Major Summers Summers is the director of the Cyber Leader College at the cyber school. 
DAYMON GARDNER

THERE’S A VIOLENT smoothness to Warrant Officer Marcus Edwards’ steps, shoulders rolling like spinning tops. The best in the military learn how to carry themselves this way over the course of a career, whatever their branch. It’s meant to express capability, “I’ll get it done” and “Do not fuck with me” all at once. And Edwards is among the very best operators in cyber. The world isn’t to be reacted to for men and women like this. It’s to be worked through.

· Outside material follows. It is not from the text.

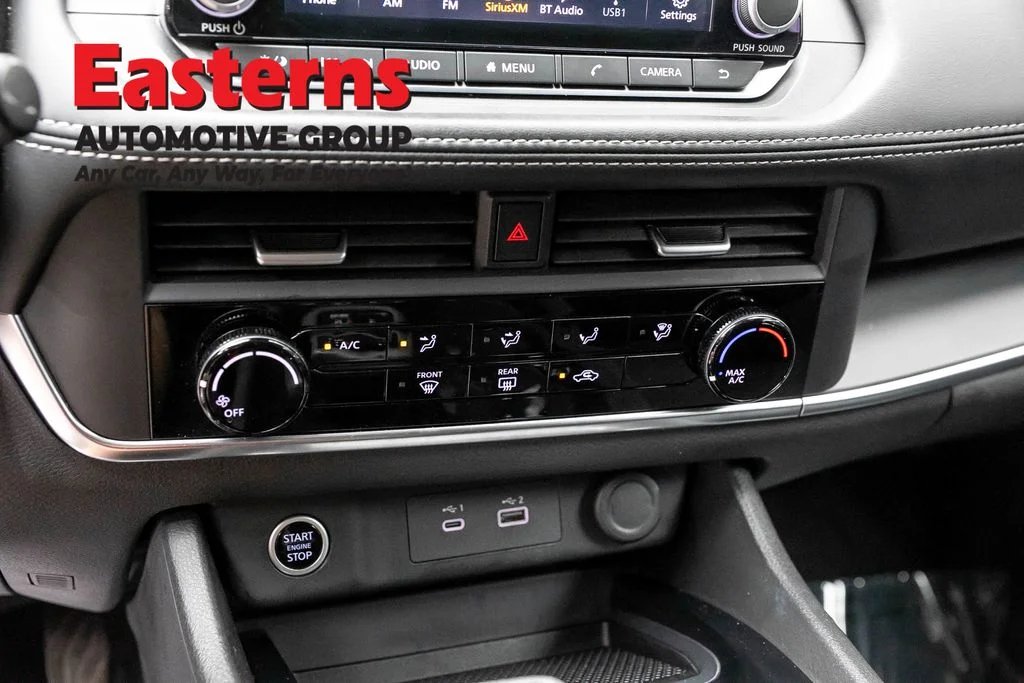 Used 2023 Black Nissan S image 19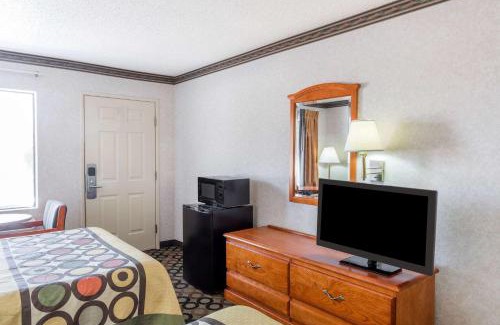 Ashburn Hotel | Top-Rated Super 8 by Wyndham Ashburn: Pet-Friendly Stays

“This is the most elite force the Army has created in the 21st century,” says Edwards, who requested I change his first name (but not his last) because of concerns he might be doxed or otherwise cyberharassed by adversaries. He is 33 and a true believer in the cyber branch, having been with it from the beginning. He splits his time between executing live missions and teaching others how to do that. He’s not an excitable sort—15 years in uniform will wring that out—but a strange look comes across his face when asked about his profession. “Our skills protect and attack for our country’s interest every day,” he says. “Can’t get that anywhere else.”

Like other cyber soldiers of rank, Edwards worked previous jobs in the military. He enlisted as a cable dog, a network systems installer and maintainer, responsible for running commo wires. Two tours in Iraq later, he switched to military intelligence, where he served in Hawaii alongside NSA gurus and government contractors. In 2011 he was volun-­told to report for training to the Army’s then nascent cyber command, which had aspirations of standing up a schoolhouse and even a branch. Of the 125 in that group of proto-­cybers, “only five of us made it,” Edwards says, hinting at the rigors demanded of them.

A native of Hampton, Virginia, he credits the military for molding him into the man he is today. His mom worked supply in the Navy, a single parent with four boys; they didn’t have a lot growing up. Edwards found his way to computer programming in school and credits the National Blue Ribbon Schools Program and the Virginia Air & Space Center for helping shape those interests.

Warrant officers serve a unique role in military units: They’re technical masters who exist somewhat outside the traditional chain of command. It’s an enviable position, one that is hard-earned and comes with a lot of accountability. According to Major Ty Summers, the director of the Cyber Leader College at the school, “Cyber is less hierarchal than other branches … It’s about who can do the job. Enlisted, warrant, officer—all are doing the same thing.”(Summers, like Edwards, requested I change his first name but not his last out of similar concerns about doxing.) Whoever is the best at solving a particular problem set gets that problem set.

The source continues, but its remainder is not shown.